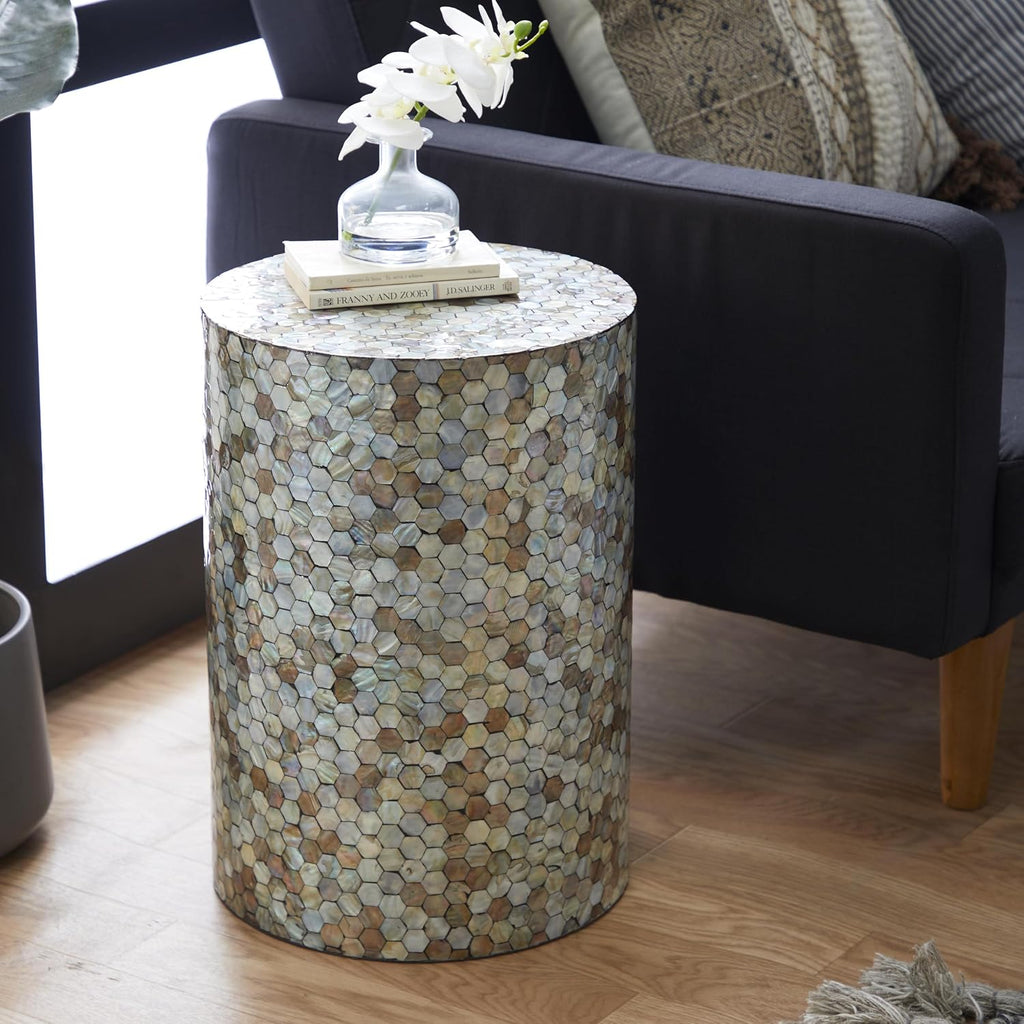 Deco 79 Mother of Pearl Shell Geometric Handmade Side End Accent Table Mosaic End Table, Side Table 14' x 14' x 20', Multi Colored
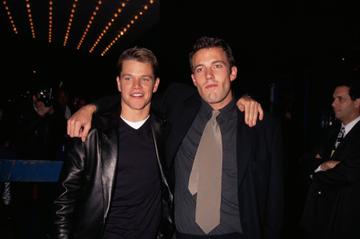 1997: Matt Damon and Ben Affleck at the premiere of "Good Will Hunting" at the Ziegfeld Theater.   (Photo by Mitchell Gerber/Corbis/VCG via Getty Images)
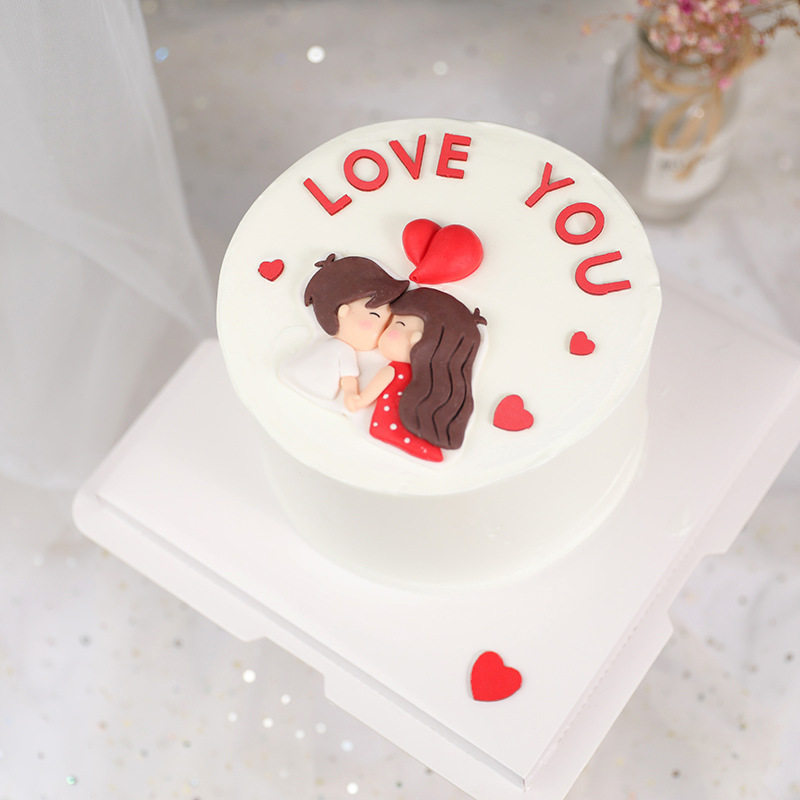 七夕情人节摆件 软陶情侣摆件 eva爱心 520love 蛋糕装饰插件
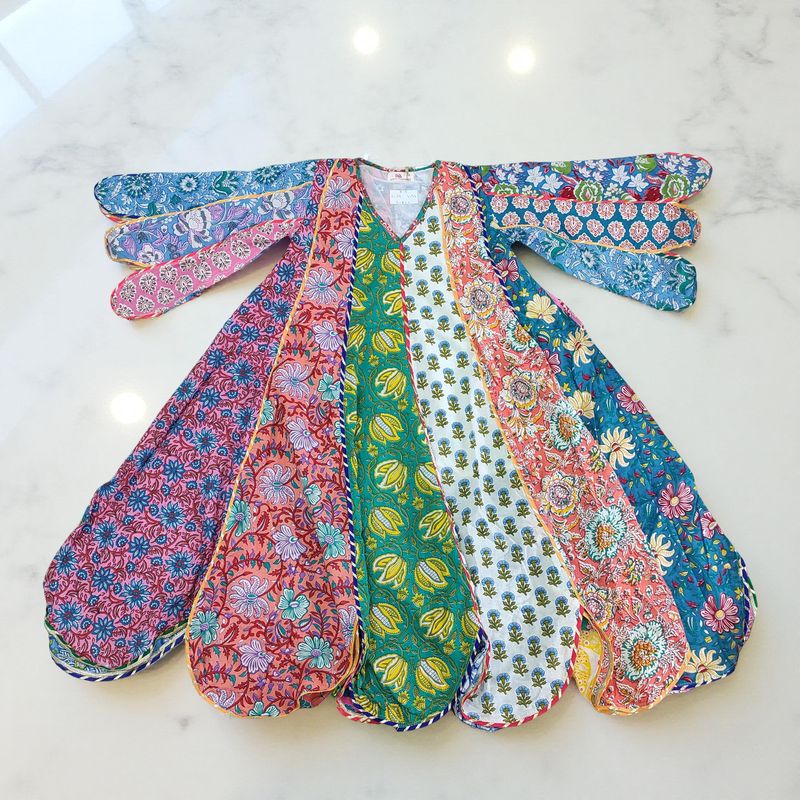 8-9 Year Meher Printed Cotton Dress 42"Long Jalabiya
※ ※ ※
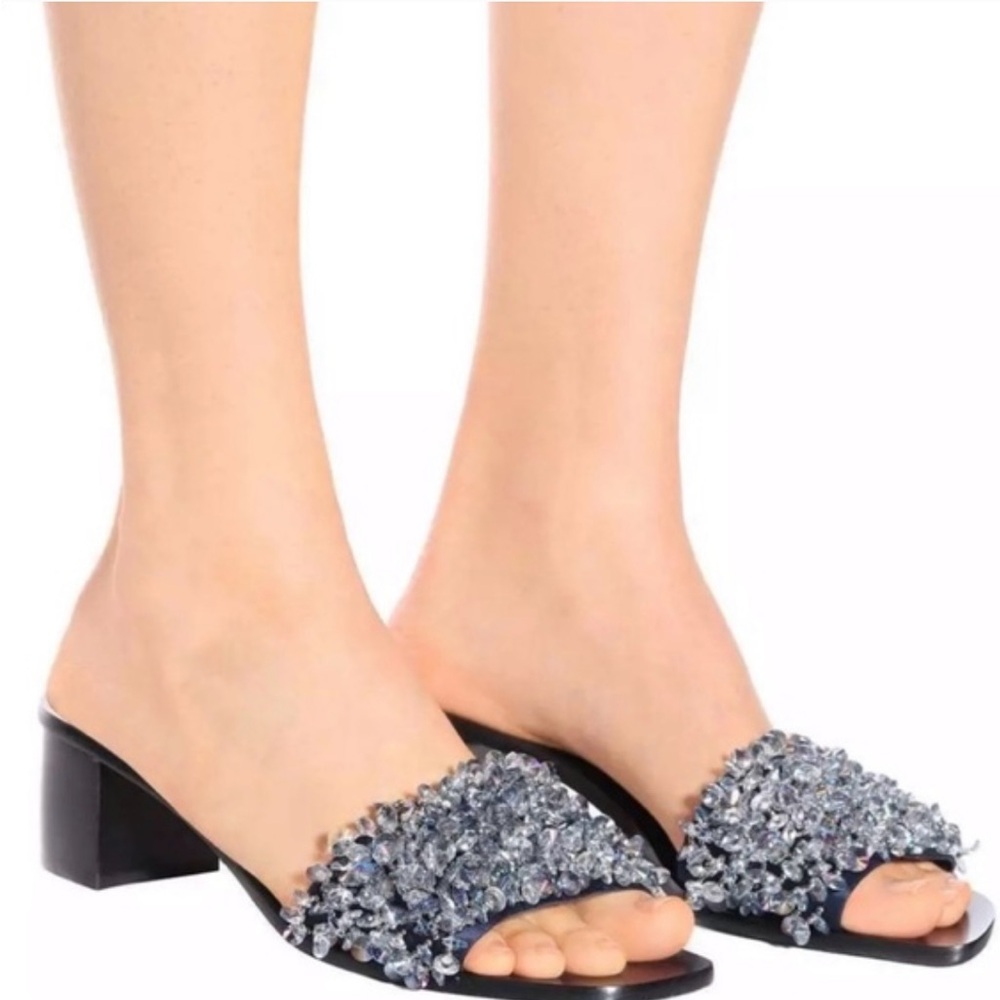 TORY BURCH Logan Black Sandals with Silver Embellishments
※ ※ ※
> [YOUR GOAL] Once the line with "Deco 79 Mother" has been found above, output that line and every later line exactly, stopping after the line with "七夕情人节摆件 软陶情侣摆件 eva爱心 520love 蛋糕装饰插件", and omit the pictures.

> [FINISHED EXERCISE]
 Deco 79 Mother of Pearl Shell Geometric Handmade Side End Accent Table Mosaic End Table, Side Table 14' x 14' x 20', Multi Colored
 1997: Matt Damon and Ben Affleck at the premiere of "Good Will Hunting" at the Ziegfeld Theater.   (Photo by Mitchell Gerber/Corbis/VCG via Getty Images)
 七夕情人节摆件 软陶情侣摆件 eva爱心 520love 蛋糕装饰插件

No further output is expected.